Por Analía de la Llana - adelallana@losandes.com.ar

“Mami, a Bautista le alquilaron ponys para su cumple... ¡Yo quiero lo mismo!”, pide Pablito ante la mirada azorada de su madre; justo cuando las cuentas de los servicios de la luz y gas llegan a sus manos.

“Papi, papi, quiero un equipo de karaoke y una pantalla para ver películas con las chicas para mi pijama party”, apunta Micaela; mientras su papá la mira turbado, cuando llega con los colchones inflables alquilados para las amiguitas de su hija. Un gasto extra que emprendió como gesto de cariño, y no sabe ni cómo.

Y así podríamos seguir enumerando ejemplos en los que los niños se transforman, con el tiempo y la permisividad de algunos padres, en verdaderos tiranos que redoblan la apuesta que antes les estimularon sus mayores.

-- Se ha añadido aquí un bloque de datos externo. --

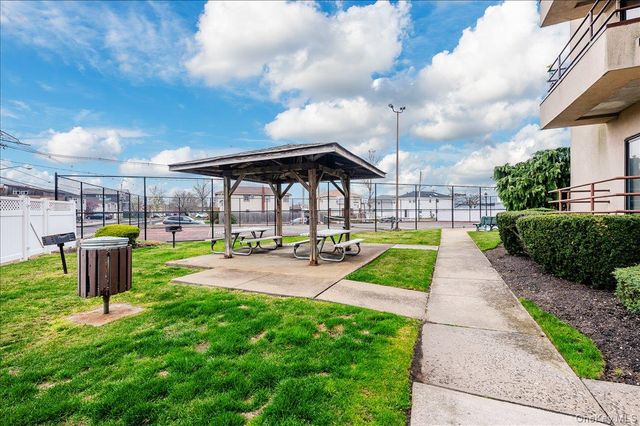 725 Miller Avenue 318, Freeport, NY 11520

¿Acaso está mal festejarle un cumpleaños o fiesta a los hijos? Para nada, el problema aparece cuando una celebración normal, para compartir y enriquecer a los pequeños con sus pares, se transforma en una verdadera puesta en escena de regalos y artilugios varios; casi casi, como si se tratara del “Cirque du Soleil”.

Entonces aparece el fenómeno de los hijos ‘híper festejados’, y las consecuencias que más tarde les acarreará en su crecimiento y desarrollo tal falta de límites.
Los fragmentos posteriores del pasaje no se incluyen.